Il est en même temps manifeste de ce qui précède que ce n’est pas la finance comme telle qui pèche : on ne reproche pas à un outil ce qu’en fait un artisan mal intentionné. Le marché financier, ramené à de justes proportions, a un rôle pratique : il permet à l’argent épargné de s’investir ou de se redéployer, et d’opérer une confrontation indispensable. Là n’est pas la question.

Ce qui nous intéresse est d’éclairer le positionnement réel de la prise de décision, si, contrairement à la vision démiurgique et réductrice que nous avons évoquée, on cherche à situer le processus de décision économique et financier dans le contexte de la réalité, avec toutes ces dimensions. On rappellera d’abord le fait que le seul temps réel pour nous est le présent, mais qu’il va disparaître l’instant d’après. Ensuite que nous projetons notre décision sur un futur qui n’existe pas à ce stade, mais qui existera, envers lequel notre responsabilité est engagée, mais que nous ne pouvons connaître d’un vrai savoir, car nous faisons seulement des hypothèses. Enfin que ces décisions que nous prenons au fond sans bien savoir, malgré le soin que nous y mettons, sont tout sauf anecdotiques ou fugitives. D’abord parce que leur cumul constitue notre avenir collectif : à soi seul cela justifierait que nous y mettions le plus grand soin. Y compris si nous ne sommes pas croyants. Ensuite, pour celui qui reconnaît l’existence de Dieu, et de l’Eternité, pour une raison plus profonde.

Car si l’ensemble de ce qui a été, est et sera, comme de ce qui est vécu à chaque instant, prend son sens dans l’Eternité de Dieu, chacune de ces décisions est en un sens éternellement présente. Elle a donc sa valeur en elle-même, absolue à sa façon, comme acte posé un jour par un être humain, mais vu éternellement par Dieu. Et donc elle s’inscrit dans une tapisserie que nous verrons un jour, mais que Dieu voit ‘déjà’ si on peut dire, et à laquelle Lui-même travaille activement par ce qu’on appelle la Providence. Apparaît alors ce qui fait la valeur essentielle de tout acte, de toute décision quelle qu’elle soit : insérée certes dans le temps du présent et orientée vers l’avenir, elle n’a vraiment tout son sens que sous l’angle de l’éternité.
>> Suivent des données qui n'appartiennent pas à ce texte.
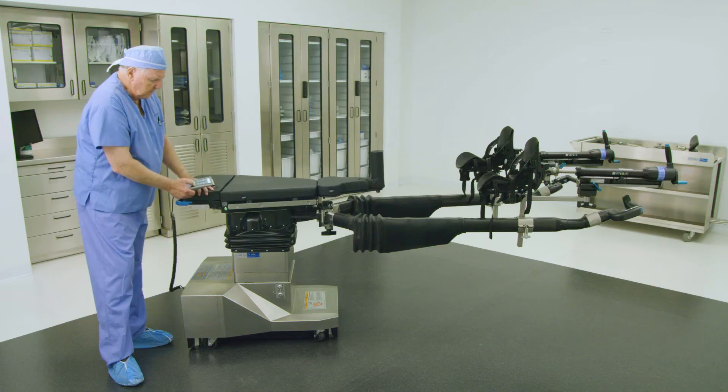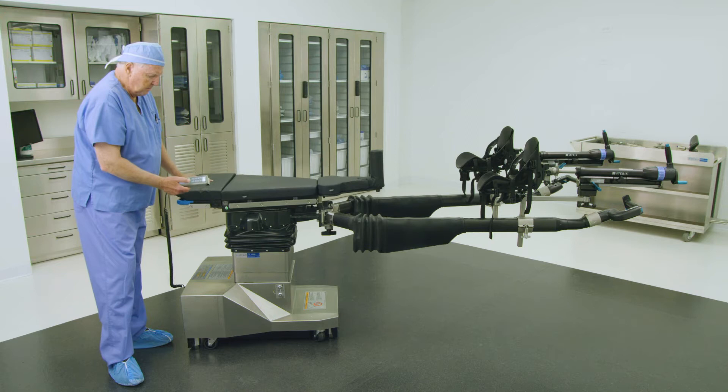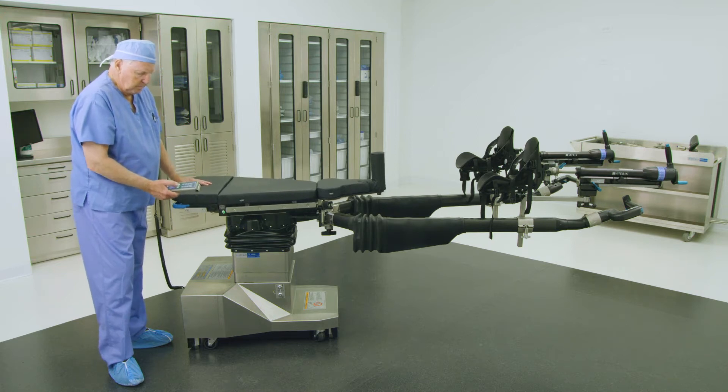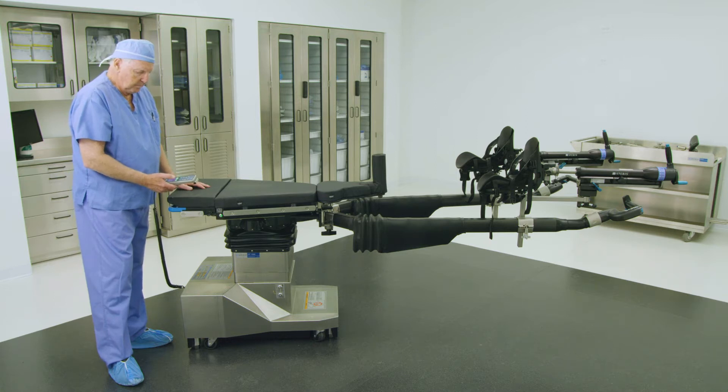The tabletop can slide in a transverse fashion from left to right to accommodate patient transfer onto and off of the table, to expose the surgical site, or to expose the anatomy for C-arm imaging purposes.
Revenons alors à notre décision financière. Elle prend dans ce contexte un relief tout à fait différent. Je serai pour toujours cette personne qui ayant aujourd’hui de l’argent à placer, posée dans son présent et apportant sa pierre à une histoire qu’elle devine en construction, se pose des questions sur l’utilisation optimale de cet argent. Mais dès lors ma décision se prendra autrement que ne le serait la décision de l’incroyant. Non seulement je ne m’illusionnerai pas sur le pouvoir prédictif des marchés, ou sur ma connaissance de l’avenir, mais je prendrai ma décision en tentant d’insérer mon acte dans la perspective de ce que Dieu attend de moi dans sa Providence ; cela commence par le souci de la société humaine, de ce qu’elle est aujourd’hui et de ce qu’elle sera demain - y compris en termes écologiques ou de générations futures. Non que j’ai à les prendre tout seul en charge, évidemment, puisque je ne suis qu’un point mouvant du temps parmi des millions d’autres. Mais là où je suis, je poserai mes actes, y compris financiers, à cette lumière et j’intégrerai ces actes dans l’ensemble de mes responsabilités envers Dieu et envers les hommes, avec vocation à l’éternité. Ce qui leur donne une toute autre signification.

Sur la base d’une conférence donnée à l’Ecole des Mines le 2 juin 2015.